Cento milioni di dollari – la cifra è per difetto – al Pci, al Psiup, al Psi (fino al 1956), agli amici cattocomunisti, a giornalisti delle grandi testate, artisti, scrittori e altri collaborazionisti hanno fruttato un radicamento forte e imperituro del leninismo nel nostro Paese.

Fors’anche senza bustarelle, la “fede” spinse giornalisti di importanti testate (Il Corriere della Sera e la Repubblica in primis) a portare acqua al mulino di Mosca.

Certe articolesse scandalistiche sui vari presunti e fasulli colpi di Stato di destra furono finanziate ed orchestrate dalla Lubjanka, vedi la insistente campagna dell’”Espresso” di Eugenio Scalfari sul “Piano Solo” e il generale Giovanni de Lorenzo.

La bufala fece gran male all’Italia, sempre più anello debole dell’Occidente e della Nato, e benissimo all’Urss. De Lorenzo, alla fine, fu assolto, ma Scalfari e gli altri disinformatori la passarono liscia.

Sull’argomento tabù – Kgb /toghe rosse – le risultanze oggettive raccontano di una parte faziosissima della magistratura, non solo schierata contro l’Occidente, il capitalismo, i governi italiani democraticamente eletti, i partiti non marx-leninisti, i “colletti bianchi”; non solo ammiccante agli eversori rossi extraparlamentari e, talora, alle frange più violente ed assassine, ma perfettamente sovietizzata culturalmente. Nella testa delle toghe rosse ondeggiò non il Diritto, considerato mostruosità borghese per consolidare le ingiustizie sociali, bensì le asimmetrie paragiuridiche bolsceviche, secondo le quali un “kulak”, cioè un possidente, di per sé è colpevole a priori, mentre il proletario, quand’anche autore di gravi delitti, non va arrestato, bensì rieducato e presto riabilitato.

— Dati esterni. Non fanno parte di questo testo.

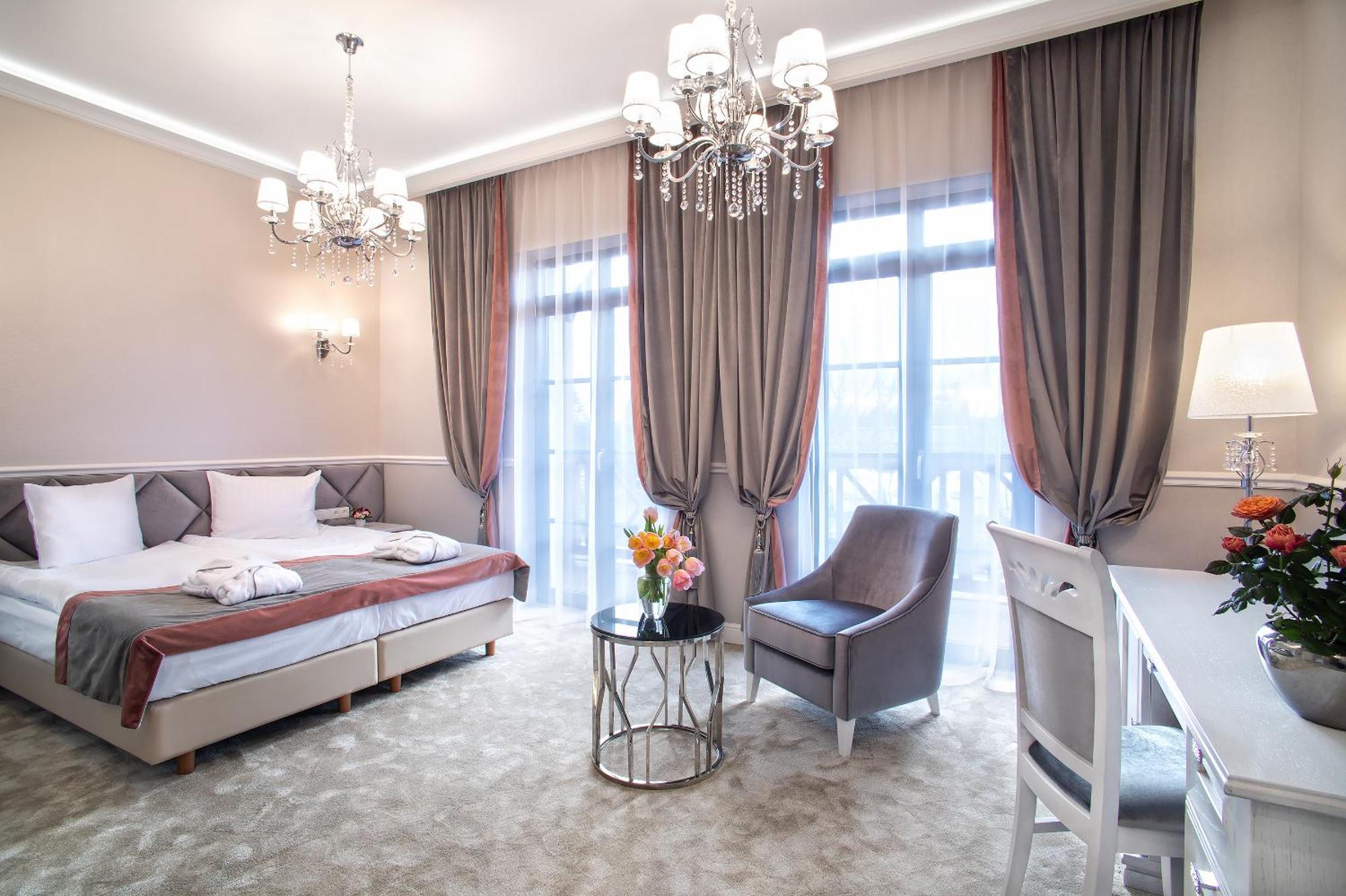 Boutique Odyseja & Spa チェホチネク エクステリア 写真 A room at the hotel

La rimessa in libertà, tuttora, quasi sempre immediata di ladri, borseggiatori, scippatori, microcriminali, stupratori, violenti; oppure, la libertà di occupare appartamenti e addirittura interi caseggiati, trasformati in centri di spaccio e di ricettazione, ebbene codeste zone franche della legge rimandano, ad esempio, al pensiero demenziale del bolscevico Pēteris Stučka, follia penetrata nelle nostre leggi oltre che nelle capocce di certe toghe.

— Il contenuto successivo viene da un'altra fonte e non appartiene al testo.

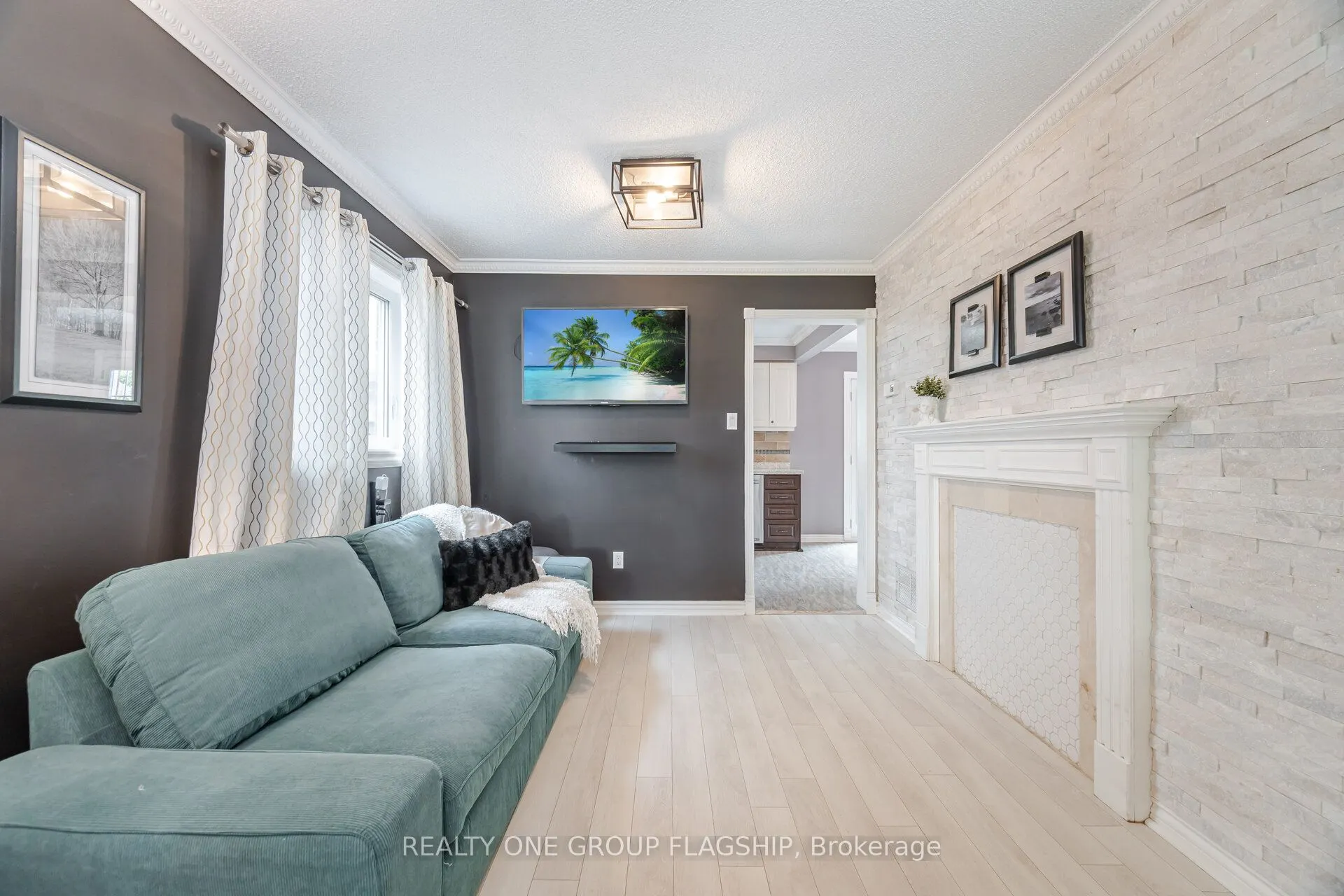 7267 Windbreak Court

E che dire dei trascorsi accesi dibattiti tra toghe militanti sul dilemma se perseguire o no i reati commessi dai “compagni”?

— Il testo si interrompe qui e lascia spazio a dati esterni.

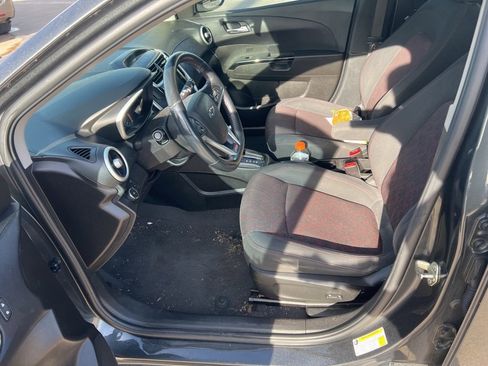 Used 2018 Chevrolet Sonic LT w/ Convenience Package image 12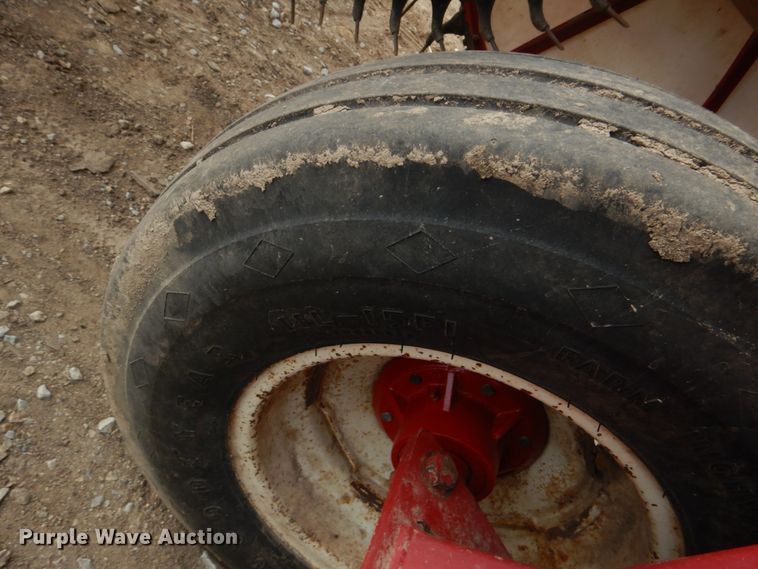 image for item DF7386 Rowse Ultimate V hay rake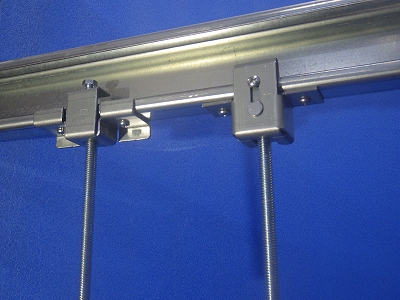 C形鋼（LG）の下部リップに仮止めをしてビス固定ができるタイプの吊元金具の参考写真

L’adesione alla causa rivoluzionaria non salvò alcuni giudici di sinistra dalla ferocia degli assassini rossi, dai criminali di “Prima Linea” o dai carnefici delle Brigate rosse, vigendo a sinistra la regola di Andrej Vyšinskij: io sono uno più puro di te, ergo ti epuro e magari ti ammazzo.

Per questo Indro Montanelli adorava Stalin, avendo Baffone, stante la norma suddetta, ammazzato più comunisti di tutti gli avversari del realsocialismo.

A riprova della presenza addirittura domiciliare e condominiale del Kgb nella Penisola v’è la battuta del compagno Lucio Albertini, uno restio a condannare l’invasione della Cecoslovacchia, che, a Torino, agosto 1968, alla fine di un’animata assemblea si lasciò sfuggire: “Compagni, prima di lasciare la federazione, ricordatevi di spegnere la luce, perché la bolletta la paga Mosca!”.

Ecco perché i “Donat” sparsi nella Penisola hanno fatto brillanti carriere e ancora pontificano senza vergogna a mezzo stampa e tv. Osano addirittura definire “volgarità” chiedere una dichiarazione di anticomunismo.

Egregio Donat, sei mai stato anticomunista in quel di Praga, essendo sodale degli spioni dell’Stb?

O è volgare domandartelo?

Per tutti i “Donat”, nostalgici di certe fonti staliniane, la Costituzione è certamente la più bella del mondo.

Non per me, però.

Preferirei una Costituzione fondata sulla religione della libertà.